Но в истории не может быть сослагательного наклонения. «Если бы Столыпин…» - зачем об этом рассуждать?
Столыпин действительно крупная фигура, но мне кажется, что он переоценен. В конечном итоге Столыпин проводил политику императора, и все стратегические цели и задачи формулировал ему император. Столыпин был реализатором, и воля императора прямыми царскими указами вводила в практику основные положения столыпинской реформы. Дума столыпинскую реформу обсуждала пять лет – а фактически законы уже действовали.
Столыпин и община
Столыпинская реформа не реализовалась. Кто сопротивлялся Столыпину? Разные силы, но больше всего крестьянство. Да, крестьяне жили на уроне минимальной достаточности, но они не хотели рисковать.
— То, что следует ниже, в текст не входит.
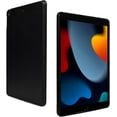 thumbnail image 3 of Black Frosted Case for iPad 9th Generation 2021 / 8th Generation 2020/ 7th Generation 2019 10.2", Slim Soft Lightweight Transparent TPU Back Cover for iPad 9/8/7 10.2 inch, 3 of 12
Эта история требовала перестройки сознания, потому что общинная психология складывалась тысячу лет. Чтобы выжить в русских условиях (экстремальный климат, низкокачественная почва, вражеские атаки со всех сторон), нужно было объединиться. Это, грубо говоря, был колхоз с коллективным трудом. Поэтому большевики и схватились потом за колхоз - это было созвучно народным представлениям: все вместе, с минимальной достаточностью.
В общем, самое сильное сопротивление Столыпину было со стороны общинников. Люди брали кредиты, получали землю, бесплатный переезд, приезжали на новое место, осматривались - то не так, и это не так, и климат другой, и земля не очень – и уезжали обратно. А деньги возвращать не надо было. Так существовало два потока: один – переселенцев в Сибирь и на Алтай, а второй – обратный. С тех времен пошло название «столыпинский вагон». Причем постепенно поток оттуда не убывал, а увеличивался. Крестьянский мир восстал против столыпинской реформы.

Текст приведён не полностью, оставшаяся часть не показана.